Although he's worked on some of the most prestigious cable dramas, McKay disputes the notion that we're living in a golden age of television—something he plans to talk about during a panel discussion with Salon.com editor David Daley at 1:25 p.m. Sunday. Nov. 18 at the UGA Fine Arts Building's Balcony Theatre.

In addition to the hundreds of channels on cable, websites like Netflix are now producing original programming. In fact, the pilot McKay's working on is a detective show based on a Michael Connelly novel for Amazon. All that content will eventually lead to a decline in quality, he says.

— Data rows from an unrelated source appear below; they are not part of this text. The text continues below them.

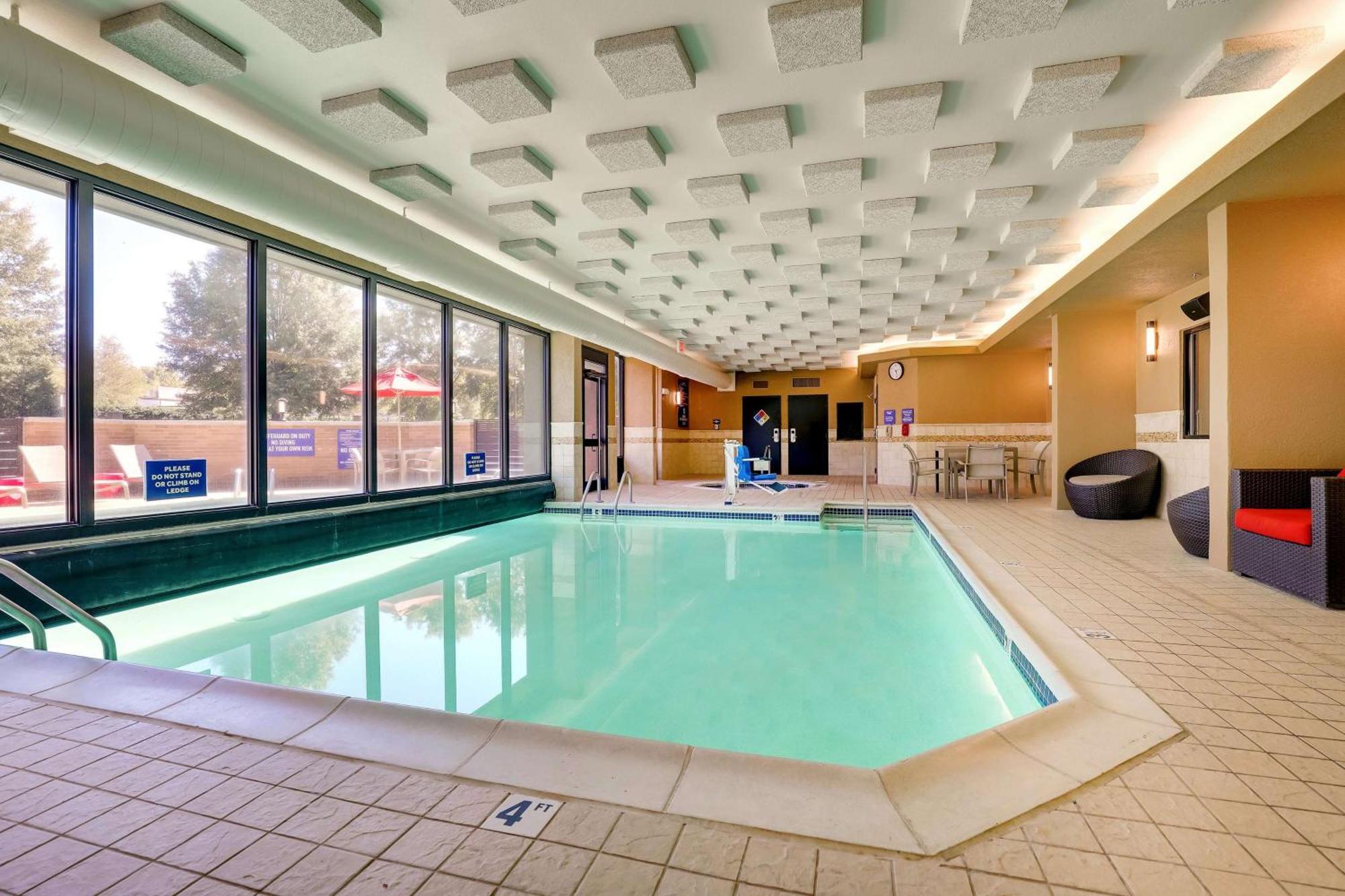 Drury Inn & Suites Charlotte University Place Εξωτερικό φωτογραφία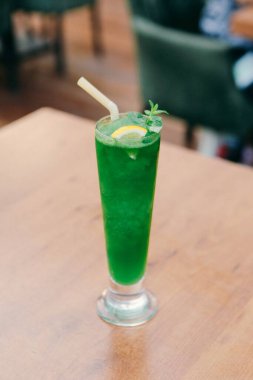 Lokantadaki masada alkol kokteyli.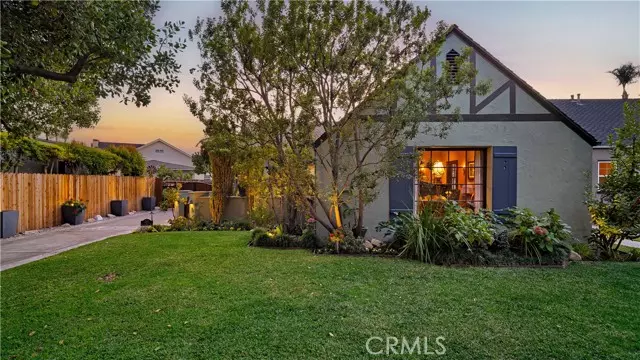 Santa Ana, CA 92706,2510 N Park BLD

"There's just so much stuff being made, it's absurd," he says. "It's great that it's being made, it's great that people are working, but there's no way it's sustainable. People just can't watch that much stuff."

He enjoys TV work, he says, but he'd prefer to be making movies. However, it's much harder to raise money than it was a decade ago, he says. The '90s and early aughts were a time when Sundance buzz could lead to multi-million-dollar bidding wars among distributors. But the indie bubble burst. 

Now, McKay says, studios have "become like big, fat Wall Street hedge fund people," churning out profitable explosion-laden blockbusters for overseas audiences at the expense of more modest, character-driven films. He cites David Byrne's recent essays in the British newspaper The Guardian about how economic inequality and the Internet are stifling creativity.

"If the kind of super-capitalist equation is the only thing that defines the creative world, we're doomed," he says. "If a whole generation of kids grows up and never pays for a song, what happens to singers and songwriters?"

Still, McKay has an idea for another film he hopes to somehow find the money to make. He won't say much about it, other than it's "a script about a female singer-songwriter who's in her mid-career, sort of, and is just having a rough time of it."

And he remains at least somewhat optimistic that indie filmmaking will bounce back. "Maybe we'll have an entire new generation of wonderful small films," he says. "That's the hope."